En los sanfermines, fiesta tradicional que es una apoteosis de la barbarie (la sangre de los toros se mezcla con la de las cornadas, y ésta con el vino peleón y las vomiteras, así que confieso que no me esperen por allí hasta una nueva reencarnación por mucho que Orson Welles, Errol Flynn o Ernest Hemingway fueran devotos de la fiesta), se venían produciendo una serie de abusos sexuales contra mujeres (manoseos), hasta que este año ha salido a la palestra la hazaña de esa manada de chicos del sur que, presuntamente, violaron a una joven en un portal y están pendientes de sentencia judicial. Esos tipos, que lo hacen todo juntos, quizá porque de uno en uno no son nada, grabaron, además su hazaña y han pasado el testigo a unos jóvenes de un equipo de futbol que, también supuestamente, violaron a una menor en el piso de uno de ellos.
En el delito de violación, y ese es un tic machista de nuestra sociedad del que no está exento ni la mismísima judicatura, tiende a condenar a la víctima, la mujer, que siempre es sometida a un riguroso escrutinio sobre si opuso firme resistencia ante el atacante: se le exige ser una heroína. Otro de los lugares comunes que se lanzan con frecuencia es que la víctima vestía de forma provocativa, como si la forma de vestir exonerara al delincuente que le echa las zarpas encima. O que ellas dicen NO cuando quieren decir SI.
La epidemia de testosterona descontrolada salta el charco, a Estados Unidos, y un productor de los importantes, Harvey Weinstein, del que hemos visto cientos de películas, es acusado por una serie de actrices de haber abusado de ellas siguiendo el viejo patrón de Hollywood de que para conseguir un papel en una película, si eras mujer, antes tenías que pasar por una serie de camas y comportarte como una avezada hetaira. De acusaciones de ese tipo han sido objeto actores como Kevin Spacey o Dustin Hoffman, y al primero parecen haberle hundido por una buena temporada, o quizás para siempre, su carrera artística, y de ellas no se salva ni el propio presidente de Estados Unidos, Donald Trump, un tipo rijoso al que una serie de damas acusan de tener la mano demasiado larga y entrar sin llamar a la puerta en los vestidores de las concursantes de belleza.
Depredadores sexuales siempre hubo (yo traté durante muchos años con uno de ellos, un amable camarero que me servía cada mañana el café con leche y luego, fuera del bar, atacaba a niñas en los portales de sus casas) y me temo que seguirá habiéndolos mientras los colegios, las familias y la sociedad hagan dejación de su obligación de educar a los jóvenes con valores morales, que parecen haber pasado a mejor vida, y en el respeto a los demás. Lo novedoso es que los de ahora, jaurías o manadas, no sólo no parecen tener conciencia del daño causado sino que encima se vanaglorian de sus hazañas, y, si pueden, las graban para alardear de ellas.

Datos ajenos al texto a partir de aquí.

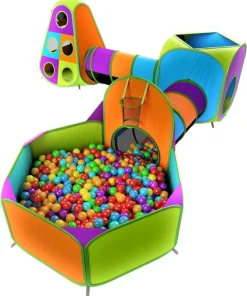Playz 5-Piece Kids Pop up Play Tent Crawl Tunnel and Ball Pit with Basketball Hoop Playhouse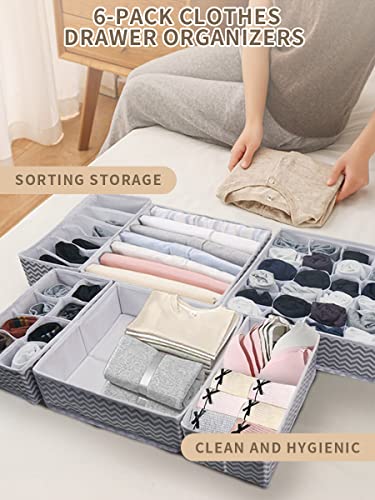 SandKing 6PACK Drawer Organizers Dividers, Clothes Wardrobe Organizer Bins Storage box with Cardboard for Sorting Baby Clothes, Underclothes, Scarf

Estamos en una época de banalización absoluta.
Lo de los homicidios de odio como el de Zaragoza, por desgracia, y más con la tensión política de los últimos meses, un escenario en el que parecía que todos íbamos a llegar a las manos, no son tampoco tan esporádicos: en los campos de fútbol siguen campando esas bandas de matones que si pierde su equipo y encuentran a un partidario del oponente lo linchan.